To check if (x - a) is a factor: Simply calculate p(a). If p(a) = 0, it's a factor!
Example 2: Show that $(x - 1)$ is a factor of $x^3 - 6x^2 + 11x - 6$.
$p(1) = 1 - 6 + 11 - 6 = 0$ → Yes, $(x-1)$ is a factor ✓
Example 3: Factorise $x^3 - 6x^2 + 11x - 6$
Step 1: Try x = 1: $p(1) = 1 - 6 + 11 - 6 = 0$ ✓
So $(x - 1)$ is a factor
Step 2: Divide by $(x - 1)$:
$x^3 - 6x^2 + 11x - 6 = (x - 1)(x^2 - 5x + 6)$
Step 3: Factorise quadratic:
$x^2 - 5x + 6 = (x - 2)(x - 3)$
Answer: $(x - 1)(x - 2)(x - 3)$
Given: $(x - a)$ is a factor of polynomial $p(x)$
Use: $p(a) = 0$ to find unknown constants
Example 4: If $(x + 1)$ is a factor of $x^3 + ax^2 - x + 2$, find $a$.

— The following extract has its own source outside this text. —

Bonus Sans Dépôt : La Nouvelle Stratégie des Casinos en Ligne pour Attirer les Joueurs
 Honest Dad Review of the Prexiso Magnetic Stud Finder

Since $(x + 1)$ is a factor, $p(-1) = 0$
$(-1)^3 + a(-1)^2 - (-1) + 2 = 0$
$-1 + a + 1 + 2 = 0$
$a + 2 = 0$
$a = -2$
| Identity | Factorised Form |
|---|---|
| $a^3 + b^3$ | $(a + b)(a^2 - ab + b^2)$ |
| $a^3 - b^3$ | $(a - b)(a^2 + ab + b^2)$ |
| $a^3 + b^3 + c^3 - 3abc$ | $(a + b + c)(a^2 + b^2 + c^2 - ab - bc - ca)$ |
Special Case: If $a + b + c = 0$, then $a^3 + b^3 + c^3 = 3abc$
Example 5: Factorise $8x^3 + 27$
$= (2x)^3 + (3)^3$
$= (2x + 3)((2x)^2 - (2x)(3) + 3^2)$
$= (2x + 3)(4x^2 - 6x + 9)$
| Theorem | Application |
|---|---|
| Remainder Theorem | $p(x) ÷ (x-a)$ → Remainder = $p(a)$ |
| Factor Theorem | If $p(a) = 0$, then $(x-a)$ is a factor |
| Sum of Cubes | $a^3 + b^3 = (a+b)(a^2-ab+b^2)$ |
| Diff of Cubes | $a^3 - b^3 = (a-b)(a^2+ab+b^2)$ |
BOARD Using Factor Theorem, factorise: $x^3 + x^2 - 4x - 4$
BOARD Find values of a and b if $(x - 1)$ and $(x - 2)$ are factors of $x^3 + ax^2 + bx + 6$.